ECLI:NL:RBROT:2018:7857
Rechtbank Rotterdam
- Eerste aanleg - enkelvoudig
- Rechtspraak.nl
Kort geding over achterstallig salaris en toekomstig salaris in arbeidsovereenkomst
In deze zaak heeft de kantonrechter van de Rechtbank Rotterdam op 20 september 2018 uitspraak gedaan in een kort geding tussen [eiseres] en Taxibedrijf Vlasblom B.V. [eiseres] had een arbeidsovereenkomst voor onbepaalde tijd en vorderde betaling van achterstallig salaris over juli 2018, alsook doorbetaling van haar salaris totdat de arbeidsovereenkomst rechtsgeldig zou zijn beëindigd. De eiseres had zich op 5 juni 2018 arbeidsongeschikt gemeld en had recht op doorbetaling van 90% van haar salaris gedurende de eerste acht weken van haar arbeidsongeschiktheid, volgens de toepasselijke CAO Taxivervoer. Ondanks aanmaningen had Taxibedrijf Vlasblom nagelaten het salaris te betalen, wat leidde tot ernstige financiële problemen voor [eiseres].
De mondelinge behandeling vond plaats op 12 september 2018, waarbij [eiseres] in persoon aanwezig was, bijgestaan door haar gemachtigde, mr. P.A.R. Dijkers. Taxibedrijf Vlasblom was niet verschenen. De kantonrechter verleende verstek tegen Taxibedrijf Vlasblom, aangezien deze correct was opgeroepen voor de zitting. De kantonrechter oordeelde dat [eiseres] een spoedeisend belang had bij haar vorderingen, wat gebruikelijk is bij loonvorderingen.

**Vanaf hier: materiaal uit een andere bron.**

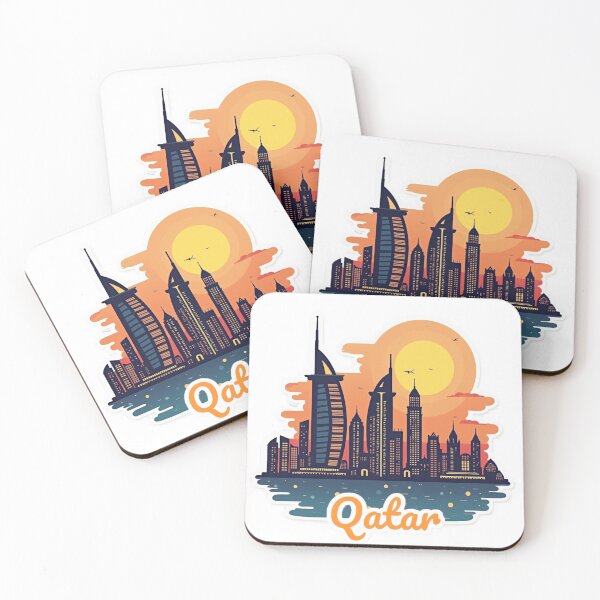 Item preview, Qatar Skyline of City designed and sold by ArtfullyRooted.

De kantonrechter heeft de vorderingen van [eiseres] toegewezen, waarbij Taxibedrijf Vlasblom werd veroordeeld tot betaling van het achterstallige salaris, het toekomstige salaris en de proceskosten. Het vonnis is uitvoerbaar bij voorraad verklaard, en het méér of anders gevorderde werd afgewezen. Dit vonnis is gewezen door mr. K.J. Bezuijen en uitgesproken ter openbare terechtzitting.